We the people have come to rely on, indeed feel entitled to, good food everywhere.” That now apparently includes Boise. Along with The Modern’s already famous cocktail program, Martin had a gnocchi dish he described as “ethereal.”
That this low-slung, once threadbare, former ‘60s-era Travelodge in Boise’s Linen District would become a symbol of America’s culinary ascendence carries a little irony for Elizabeth Tullis, The Modern’s owner.
“When we opened in 2007, we did not have food,” she says. “I was planning on having a bar, because I just can’t imagine staying in a hotel without a bar.” But she’d also been in the food business “and it wasn’t a place I wanted to go again.”
Then in 2009, Remi Courcenet—a Burgundian who’d moved to Boise planning to spend a single year learning English while washing dishes at Café de Paris—came on board as bar manager. “It didn’t take me very long,” Tullis recalls, “to figure out it was a waste of his talents not have him deal with food. So I called him in for a meeting one day and said ‘Remi . . . I want to convert these two hotel rooms into a kitchen and I want you to run it.’” Having said that, Tullis breaks down laughing. “We just jumped off that cliff.”

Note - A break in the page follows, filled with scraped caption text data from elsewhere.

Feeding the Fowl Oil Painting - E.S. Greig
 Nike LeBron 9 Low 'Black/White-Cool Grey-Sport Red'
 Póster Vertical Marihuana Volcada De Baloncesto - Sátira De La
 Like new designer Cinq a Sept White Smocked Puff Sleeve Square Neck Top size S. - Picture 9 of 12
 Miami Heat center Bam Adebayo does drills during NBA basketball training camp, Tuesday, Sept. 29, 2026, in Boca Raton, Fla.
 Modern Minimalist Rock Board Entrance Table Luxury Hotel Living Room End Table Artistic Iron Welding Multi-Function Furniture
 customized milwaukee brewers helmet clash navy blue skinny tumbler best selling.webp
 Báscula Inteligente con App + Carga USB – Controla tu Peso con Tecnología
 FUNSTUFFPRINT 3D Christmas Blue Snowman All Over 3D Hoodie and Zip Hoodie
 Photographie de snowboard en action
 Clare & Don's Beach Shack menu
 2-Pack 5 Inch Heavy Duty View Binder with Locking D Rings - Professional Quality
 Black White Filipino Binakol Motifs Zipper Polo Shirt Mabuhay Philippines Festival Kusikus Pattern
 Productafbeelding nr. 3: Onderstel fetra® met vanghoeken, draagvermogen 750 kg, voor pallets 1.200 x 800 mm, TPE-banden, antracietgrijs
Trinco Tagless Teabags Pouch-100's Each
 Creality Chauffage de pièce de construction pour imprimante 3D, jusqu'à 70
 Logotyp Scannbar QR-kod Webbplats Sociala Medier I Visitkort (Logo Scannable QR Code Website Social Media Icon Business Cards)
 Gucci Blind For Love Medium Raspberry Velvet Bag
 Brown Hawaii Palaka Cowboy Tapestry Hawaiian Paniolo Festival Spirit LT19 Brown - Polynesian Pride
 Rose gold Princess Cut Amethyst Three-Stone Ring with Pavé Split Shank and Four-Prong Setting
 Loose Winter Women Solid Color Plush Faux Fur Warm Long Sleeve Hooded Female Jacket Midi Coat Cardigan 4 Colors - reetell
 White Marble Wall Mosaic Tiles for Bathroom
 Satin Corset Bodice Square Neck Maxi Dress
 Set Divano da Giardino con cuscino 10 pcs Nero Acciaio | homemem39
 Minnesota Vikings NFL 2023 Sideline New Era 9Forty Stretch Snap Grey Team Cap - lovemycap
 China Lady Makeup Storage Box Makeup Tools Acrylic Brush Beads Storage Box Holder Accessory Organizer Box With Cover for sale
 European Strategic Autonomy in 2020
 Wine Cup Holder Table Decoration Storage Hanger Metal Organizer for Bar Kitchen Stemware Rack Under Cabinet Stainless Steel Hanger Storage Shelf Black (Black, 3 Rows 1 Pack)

The two hotel rooms were in a rather cramped section of the main building, around the patio from the bar and not the most appealing bit of real estate for guests. “We called it the Easy Bake Kitchen,” Courcenet says, through a still-prominent French accent, of the rudimentary kitchen they built. “We were cooking with one panini press, a couple of induction burners and a home range.” A photograph of that early kitchen looks like it was snapped in a rumpled dorm room. Still, it was a major step up from the wasabi peas and peanuts Courcenet remembers serving before the remodel.
“The idea was to just offer a bar menu that had some interesting food,” he says, “that wasn’t just your typical bar food like chicken wings and fried things.”
Right from the start, they succeeded — even in that Easy Bake kitchen. I reviewed The Modern in 2009 for the Idaho Statesman and loved the tartine platter that arrived looking like an edible game of tic-tac-toe and the cumin guacamole that I wrote “lets the clear, clean flavors of fresh ingredients speak for themselves.”
Chef Nate Whitley has run the kitchen since 2012, refining an already solid formula, while focusing more purposely on local, seasonal food. “It was probably good timing for me to find this place,” says the young chef who had worked at Boise’s respected BB Strands and Amore restaurants before doing time in several San Francisco restaurants. He liked the idea of ambitious bar food coming out of a less than elaborate kitchen: “I think I was kind of in a place personally where that was really going to be what I was into . . . trying to work in slightly an unorthodox setting.”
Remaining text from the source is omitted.